*** Opening INPUT DATA ***
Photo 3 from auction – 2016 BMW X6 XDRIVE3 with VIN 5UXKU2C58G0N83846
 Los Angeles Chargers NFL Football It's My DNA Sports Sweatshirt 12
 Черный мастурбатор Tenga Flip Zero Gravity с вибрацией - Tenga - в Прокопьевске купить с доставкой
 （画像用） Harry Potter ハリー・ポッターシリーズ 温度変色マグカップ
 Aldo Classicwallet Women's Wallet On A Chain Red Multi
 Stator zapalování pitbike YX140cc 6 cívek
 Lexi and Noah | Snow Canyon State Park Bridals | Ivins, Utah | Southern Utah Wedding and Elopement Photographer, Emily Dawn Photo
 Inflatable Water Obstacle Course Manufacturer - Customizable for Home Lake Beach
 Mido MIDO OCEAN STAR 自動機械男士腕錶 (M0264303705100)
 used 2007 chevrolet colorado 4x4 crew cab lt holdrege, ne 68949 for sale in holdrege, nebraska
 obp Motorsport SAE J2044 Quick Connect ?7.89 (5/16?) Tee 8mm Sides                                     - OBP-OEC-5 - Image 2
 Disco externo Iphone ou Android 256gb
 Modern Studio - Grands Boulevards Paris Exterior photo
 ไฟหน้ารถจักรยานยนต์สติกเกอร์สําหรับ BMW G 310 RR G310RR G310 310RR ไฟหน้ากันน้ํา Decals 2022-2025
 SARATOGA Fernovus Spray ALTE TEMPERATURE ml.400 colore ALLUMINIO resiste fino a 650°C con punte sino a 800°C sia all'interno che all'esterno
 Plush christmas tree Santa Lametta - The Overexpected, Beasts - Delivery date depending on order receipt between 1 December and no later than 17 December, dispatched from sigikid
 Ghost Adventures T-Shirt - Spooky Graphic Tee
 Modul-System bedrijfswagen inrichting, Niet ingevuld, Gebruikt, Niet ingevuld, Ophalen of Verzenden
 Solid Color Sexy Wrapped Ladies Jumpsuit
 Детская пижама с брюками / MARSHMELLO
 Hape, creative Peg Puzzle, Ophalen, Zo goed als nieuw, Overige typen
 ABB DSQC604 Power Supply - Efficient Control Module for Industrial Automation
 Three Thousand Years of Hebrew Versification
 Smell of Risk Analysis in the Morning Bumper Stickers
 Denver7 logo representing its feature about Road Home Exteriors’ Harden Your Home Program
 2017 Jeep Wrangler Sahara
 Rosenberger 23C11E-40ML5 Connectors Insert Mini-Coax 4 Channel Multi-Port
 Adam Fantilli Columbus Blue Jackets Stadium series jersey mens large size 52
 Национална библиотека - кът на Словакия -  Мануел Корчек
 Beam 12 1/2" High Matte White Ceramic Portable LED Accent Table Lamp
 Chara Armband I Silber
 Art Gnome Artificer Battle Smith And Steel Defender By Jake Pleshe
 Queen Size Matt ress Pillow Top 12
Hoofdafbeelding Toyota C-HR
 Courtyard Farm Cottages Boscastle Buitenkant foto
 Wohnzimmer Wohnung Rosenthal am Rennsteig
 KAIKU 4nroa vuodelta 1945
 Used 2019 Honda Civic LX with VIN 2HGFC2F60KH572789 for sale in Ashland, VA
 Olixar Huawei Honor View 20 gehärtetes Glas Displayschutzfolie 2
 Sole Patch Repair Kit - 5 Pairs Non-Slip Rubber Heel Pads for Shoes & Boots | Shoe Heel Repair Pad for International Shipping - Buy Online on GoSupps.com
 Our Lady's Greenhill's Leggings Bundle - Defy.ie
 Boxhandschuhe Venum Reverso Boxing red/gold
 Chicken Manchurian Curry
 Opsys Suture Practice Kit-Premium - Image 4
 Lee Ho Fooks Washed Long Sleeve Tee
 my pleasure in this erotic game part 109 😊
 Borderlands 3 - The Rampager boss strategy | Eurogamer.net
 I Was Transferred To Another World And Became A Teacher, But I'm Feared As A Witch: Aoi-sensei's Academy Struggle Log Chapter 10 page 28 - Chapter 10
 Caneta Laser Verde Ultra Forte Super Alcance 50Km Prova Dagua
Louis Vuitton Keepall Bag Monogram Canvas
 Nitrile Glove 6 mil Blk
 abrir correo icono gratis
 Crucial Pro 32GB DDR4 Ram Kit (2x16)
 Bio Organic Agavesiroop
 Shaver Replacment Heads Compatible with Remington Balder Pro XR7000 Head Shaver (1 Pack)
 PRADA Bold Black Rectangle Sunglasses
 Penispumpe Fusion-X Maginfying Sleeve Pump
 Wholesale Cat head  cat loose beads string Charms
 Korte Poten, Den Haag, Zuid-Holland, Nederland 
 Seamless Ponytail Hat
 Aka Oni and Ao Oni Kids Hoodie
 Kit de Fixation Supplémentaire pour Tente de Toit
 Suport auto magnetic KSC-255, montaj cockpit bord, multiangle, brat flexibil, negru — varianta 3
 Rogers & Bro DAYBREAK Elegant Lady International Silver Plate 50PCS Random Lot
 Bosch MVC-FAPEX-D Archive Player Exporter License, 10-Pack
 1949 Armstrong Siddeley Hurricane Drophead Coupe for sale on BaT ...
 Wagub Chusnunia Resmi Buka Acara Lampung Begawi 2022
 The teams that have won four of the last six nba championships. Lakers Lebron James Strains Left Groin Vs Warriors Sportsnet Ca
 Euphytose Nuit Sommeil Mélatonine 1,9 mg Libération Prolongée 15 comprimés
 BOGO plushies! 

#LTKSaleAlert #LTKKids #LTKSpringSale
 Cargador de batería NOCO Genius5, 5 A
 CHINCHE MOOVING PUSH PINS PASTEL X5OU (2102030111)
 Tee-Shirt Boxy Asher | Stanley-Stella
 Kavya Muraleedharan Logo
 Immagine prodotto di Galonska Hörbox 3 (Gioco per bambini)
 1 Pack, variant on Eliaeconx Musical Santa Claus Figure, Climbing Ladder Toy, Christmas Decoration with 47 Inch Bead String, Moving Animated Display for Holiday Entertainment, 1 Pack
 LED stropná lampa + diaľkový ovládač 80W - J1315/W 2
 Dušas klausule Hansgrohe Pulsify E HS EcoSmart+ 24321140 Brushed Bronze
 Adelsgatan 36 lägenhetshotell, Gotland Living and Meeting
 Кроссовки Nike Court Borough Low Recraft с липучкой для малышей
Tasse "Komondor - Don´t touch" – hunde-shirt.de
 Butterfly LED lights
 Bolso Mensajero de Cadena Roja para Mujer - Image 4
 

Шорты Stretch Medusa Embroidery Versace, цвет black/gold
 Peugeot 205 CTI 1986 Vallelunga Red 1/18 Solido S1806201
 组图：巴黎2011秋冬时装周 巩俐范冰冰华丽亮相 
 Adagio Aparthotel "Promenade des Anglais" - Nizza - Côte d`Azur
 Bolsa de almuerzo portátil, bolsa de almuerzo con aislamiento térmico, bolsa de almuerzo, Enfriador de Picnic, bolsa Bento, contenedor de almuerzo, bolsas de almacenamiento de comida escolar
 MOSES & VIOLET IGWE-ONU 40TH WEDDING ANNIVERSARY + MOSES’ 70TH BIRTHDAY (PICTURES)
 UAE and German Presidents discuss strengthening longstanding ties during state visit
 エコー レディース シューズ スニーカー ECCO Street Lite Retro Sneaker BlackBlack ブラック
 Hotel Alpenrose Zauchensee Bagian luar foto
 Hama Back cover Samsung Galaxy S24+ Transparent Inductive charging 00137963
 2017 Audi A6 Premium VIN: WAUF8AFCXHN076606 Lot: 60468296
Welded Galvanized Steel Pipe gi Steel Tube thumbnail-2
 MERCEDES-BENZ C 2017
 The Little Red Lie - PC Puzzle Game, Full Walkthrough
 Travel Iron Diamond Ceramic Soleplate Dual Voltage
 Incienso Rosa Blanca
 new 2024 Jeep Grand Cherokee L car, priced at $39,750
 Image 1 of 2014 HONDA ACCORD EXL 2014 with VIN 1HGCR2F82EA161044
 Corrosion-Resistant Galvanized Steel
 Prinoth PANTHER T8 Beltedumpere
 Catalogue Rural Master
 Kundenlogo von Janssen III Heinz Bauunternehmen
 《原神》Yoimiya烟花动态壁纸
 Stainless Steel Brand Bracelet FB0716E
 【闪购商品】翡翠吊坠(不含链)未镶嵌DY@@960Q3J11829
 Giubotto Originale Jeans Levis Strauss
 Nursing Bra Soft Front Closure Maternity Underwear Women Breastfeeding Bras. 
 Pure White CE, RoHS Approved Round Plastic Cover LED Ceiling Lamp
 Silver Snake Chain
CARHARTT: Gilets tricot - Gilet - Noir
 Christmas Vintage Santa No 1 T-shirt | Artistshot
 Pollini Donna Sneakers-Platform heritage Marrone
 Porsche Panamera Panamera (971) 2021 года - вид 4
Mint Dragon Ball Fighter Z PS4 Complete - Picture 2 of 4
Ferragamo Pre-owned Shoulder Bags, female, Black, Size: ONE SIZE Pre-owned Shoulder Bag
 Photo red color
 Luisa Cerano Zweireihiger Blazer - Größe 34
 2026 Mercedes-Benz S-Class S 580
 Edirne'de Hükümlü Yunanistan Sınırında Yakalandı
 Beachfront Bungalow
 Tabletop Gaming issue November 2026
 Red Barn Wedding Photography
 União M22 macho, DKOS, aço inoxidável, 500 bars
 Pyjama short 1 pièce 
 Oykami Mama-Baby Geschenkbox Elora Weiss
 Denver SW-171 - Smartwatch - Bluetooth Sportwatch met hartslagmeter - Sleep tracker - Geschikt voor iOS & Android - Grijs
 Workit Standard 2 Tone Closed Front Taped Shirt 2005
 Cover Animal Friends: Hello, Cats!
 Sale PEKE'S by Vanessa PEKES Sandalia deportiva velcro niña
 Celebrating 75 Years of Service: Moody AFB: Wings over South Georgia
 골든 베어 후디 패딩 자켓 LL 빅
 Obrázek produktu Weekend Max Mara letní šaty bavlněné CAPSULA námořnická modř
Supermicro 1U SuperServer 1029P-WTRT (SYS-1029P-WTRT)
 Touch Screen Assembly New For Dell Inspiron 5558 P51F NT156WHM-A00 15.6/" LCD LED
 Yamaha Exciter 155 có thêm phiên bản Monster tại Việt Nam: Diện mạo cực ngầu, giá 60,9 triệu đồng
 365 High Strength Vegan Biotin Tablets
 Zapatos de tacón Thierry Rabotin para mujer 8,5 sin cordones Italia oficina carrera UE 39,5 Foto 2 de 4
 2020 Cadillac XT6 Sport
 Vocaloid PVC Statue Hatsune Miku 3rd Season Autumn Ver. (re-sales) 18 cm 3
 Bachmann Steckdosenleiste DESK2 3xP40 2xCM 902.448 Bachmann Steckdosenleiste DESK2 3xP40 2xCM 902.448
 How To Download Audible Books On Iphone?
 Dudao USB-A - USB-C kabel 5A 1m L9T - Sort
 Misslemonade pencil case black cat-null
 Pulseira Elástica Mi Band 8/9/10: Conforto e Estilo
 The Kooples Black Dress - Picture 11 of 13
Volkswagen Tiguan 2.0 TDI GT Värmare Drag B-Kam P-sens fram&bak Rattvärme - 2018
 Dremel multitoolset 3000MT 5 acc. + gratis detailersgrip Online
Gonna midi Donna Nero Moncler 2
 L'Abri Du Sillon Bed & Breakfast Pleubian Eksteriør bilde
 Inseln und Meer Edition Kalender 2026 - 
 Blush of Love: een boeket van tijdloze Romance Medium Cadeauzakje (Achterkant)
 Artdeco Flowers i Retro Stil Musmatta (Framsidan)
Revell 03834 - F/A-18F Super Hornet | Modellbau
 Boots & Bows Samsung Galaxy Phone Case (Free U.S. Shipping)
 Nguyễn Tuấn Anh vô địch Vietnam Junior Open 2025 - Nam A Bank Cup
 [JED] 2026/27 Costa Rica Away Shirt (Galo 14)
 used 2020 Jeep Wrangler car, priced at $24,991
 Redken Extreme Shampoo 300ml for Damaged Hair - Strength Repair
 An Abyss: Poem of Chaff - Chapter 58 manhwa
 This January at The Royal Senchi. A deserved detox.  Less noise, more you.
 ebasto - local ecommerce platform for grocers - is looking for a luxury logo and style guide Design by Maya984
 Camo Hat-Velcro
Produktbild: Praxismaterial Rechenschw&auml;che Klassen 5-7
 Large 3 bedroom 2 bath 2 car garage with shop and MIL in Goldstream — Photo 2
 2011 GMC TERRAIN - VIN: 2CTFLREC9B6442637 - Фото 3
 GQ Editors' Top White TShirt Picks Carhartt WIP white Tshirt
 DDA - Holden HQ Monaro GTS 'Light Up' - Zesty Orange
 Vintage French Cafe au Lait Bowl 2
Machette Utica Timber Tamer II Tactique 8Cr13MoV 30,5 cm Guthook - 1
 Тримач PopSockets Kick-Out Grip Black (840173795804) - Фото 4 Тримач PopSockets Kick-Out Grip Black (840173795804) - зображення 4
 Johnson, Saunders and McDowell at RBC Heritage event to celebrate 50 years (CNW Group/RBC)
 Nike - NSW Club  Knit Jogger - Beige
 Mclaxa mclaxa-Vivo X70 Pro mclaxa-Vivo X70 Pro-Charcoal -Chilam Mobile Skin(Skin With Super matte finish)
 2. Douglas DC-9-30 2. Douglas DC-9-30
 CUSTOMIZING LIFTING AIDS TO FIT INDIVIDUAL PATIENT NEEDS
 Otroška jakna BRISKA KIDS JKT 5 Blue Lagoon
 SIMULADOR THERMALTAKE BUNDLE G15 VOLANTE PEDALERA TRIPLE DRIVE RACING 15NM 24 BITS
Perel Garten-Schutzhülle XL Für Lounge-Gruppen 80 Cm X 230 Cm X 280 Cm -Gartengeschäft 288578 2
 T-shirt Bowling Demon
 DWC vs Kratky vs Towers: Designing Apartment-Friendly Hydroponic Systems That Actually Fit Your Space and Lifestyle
*** Closing INPUT DATA ***
> THE TASK:
Copy out the lines beginning at the one that contains "Otroška jakna BRISKA KIDS JKT 5 Blue Lagoon". Stop at the final line of the data, and include it.

> ANSWER AREA:
 Otroška jakna BRISKA KIDS JKT 5 Blue Lagoon
 SIMULADOR THERMALTAKE BUNDLE G15 VOLANTE PEDALERA TRIPLE DRIVE RACING 15NM 24 BITS
Perel Garten-Schutzhülle XL Für Lounge-Gruppen 80 Cm X 230 Cm X 280 Cm -Gartengeschäft 288578 2
 T-shirt Bowling Demon
 DWC vs Kratky vs Towers: Designing Apartment-Friendly Hydroponic Systems That Actually Fit Your Space and Lifestyle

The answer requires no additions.